Harga minyak masih dalam tren bearish



JAKARTA. Harga minyak diproyeksikan masih dalam tren bearish meski kemarin sempat naik lumayan. Belum ada faktor fundamental baru yang signifikan menyebabkan harga minyak sulit naik secara konsisten. Berdasarkan data Bloomberg, pada Jumat (27/2) pukul 16:25 WIB, harga minyak West Texas Intermediate (WTI) untuk pengiriman April di New York Mercantile Exchange (NYMEX) memang menguat 1,97% dibandingkan sehari sebelumnya menjadi US$ 49,12 per barel. Harga minyak mentah kemarin meningkat setelah sehari sebelumnya sempat terkoreksi ke level US$ 48,17 per barel.

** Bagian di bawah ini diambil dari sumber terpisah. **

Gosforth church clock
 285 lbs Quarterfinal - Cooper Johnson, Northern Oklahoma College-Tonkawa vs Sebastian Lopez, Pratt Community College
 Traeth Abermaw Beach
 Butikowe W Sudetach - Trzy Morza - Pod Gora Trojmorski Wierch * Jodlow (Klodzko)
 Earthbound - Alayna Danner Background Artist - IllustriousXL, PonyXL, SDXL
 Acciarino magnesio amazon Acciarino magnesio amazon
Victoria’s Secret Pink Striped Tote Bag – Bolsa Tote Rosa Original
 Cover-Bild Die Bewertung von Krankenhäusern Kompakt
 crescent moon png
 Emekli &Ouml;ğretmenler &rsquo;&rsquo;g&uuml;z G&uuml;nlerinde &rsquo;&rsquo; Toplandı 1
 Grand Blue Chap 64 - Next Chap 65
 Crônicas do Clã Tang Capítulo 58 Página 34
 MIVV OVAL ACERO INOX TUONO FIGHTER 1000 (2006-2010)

"Pasar juga mungkin sedang melakukan penyesuaian yang memang biasa terjadi di akhir bulan seperti sekarang," kata Tonny Mariano, analis Harvest International Futures, kepada KONTAN, kemarin.

Namun, rebound harga minyak tidak dapat dijadikan tolok ukur bahwa harga komoditas energi tersebut akan terus bergerak naik. Harga komoditas, kata Tonny, justru masih dalam tekanan lantaran para eksportir minyak terutama yang tergabung dalam Organisasi Negara-negara Pengekspor Minyak Bumi (OPEC) tidak mengambil tindakan nyata untuk menstabilkan harga minyak. OPEC bahkan tetap bersikukuh mempertahankan kuota produksi sebanyak 30 juta barel minyak per hari.


Suluh Adil Wicaksono, analis Millenium Penata Futures, menyatakan, kebijakan produksi OPEC ini menjadi kunci yang bisa membuat tren bearish harga minyak berakhir. "Kalau OPEC mau memangkas kuota produksinya, harga minyak kemungkinan besar bakal naik lagi," ungkap Suluh.

Tren bearish minyak ini sebenarnya merugikan banyak pengekspor minyak. Banyak perusahaan minyak, terutama yang berbasis di Amerika Serikat (AS), mulai memangkas jumlah tenaga kerjanya. Toh, harga minyak tentu akan tetap rendah apabila OPEC selaku kumpulan eksportir terbesar minyak di dunia tak mau menurunkan kuota produksinya.

Suluh bilang, dari sisi permintaan memang agak susah diharapkan untuk melonjak pada tahun ini lantaran perekonomian global melambat. Sejak awal tahun kemarin, Bank Dunia sudah memangkas estimasi pertumbuhan ekonomi global sepanjang 2015 menjadi 3%.

Pangkas target

Padahal, sebelumnya, Bank Dunia optimistis akan kondisi pasar dan memproyeksikan perekonomian global tumbuh 3,4% sepanjang 2015. Bank Dunia juga sudah menurunkan proyeksi pertumbuhan ekonomi tahun 2015 untuk China, dari sebelumnya 7,2% menjadi 7%.

Tidak lama setelah itu, Dana Moneter International (IMF) turut memangkas proyeksi pertumbuhan ekonomi global selama 2015 menjadi 3,5%. Angka ini lebih rendah dibandingkan proyeksi pertumbuhan ekonomi 2015 yang ditetapkan IMF pada Oktober 2014 sebesar 3,8%. Di waktu bersamaan, IMF juga menurunkan proyeksi pertumbuhan ekonomi Tiongkok dari 7,1% menjadi 6,8% di tahun ini.

Ketimpangan antara pasokan dan permintaan inilah yang membuat harga minyak sulit beranjak naik. Dengan beberapa faktor itu, kedua analis memprediksi harga minyak cenderung terkoreksi di awal pekan depan.

Prediksi ini diperkuat beberapa indikator teknikal yang memancarkan sinyal koreksi. Suluh bilang, harga minyak saat ini masih di bawah moving average (MA) 50. Indikator stochastic memperkuat peluang koreksi lantaran berada di posisi 38.

Sementara, relative strength index (RSI) di area netral 48. Suluh memprediksi, harga minyak di awal pekan depan turun di support US$ 46,45-US$ 47,80 dan resistance US$ 50-US$ 52,10 per barel AS. Adapun, Tonny memprediksi, harga minyak turun di rentang US$ 48-US$ 50 per barel.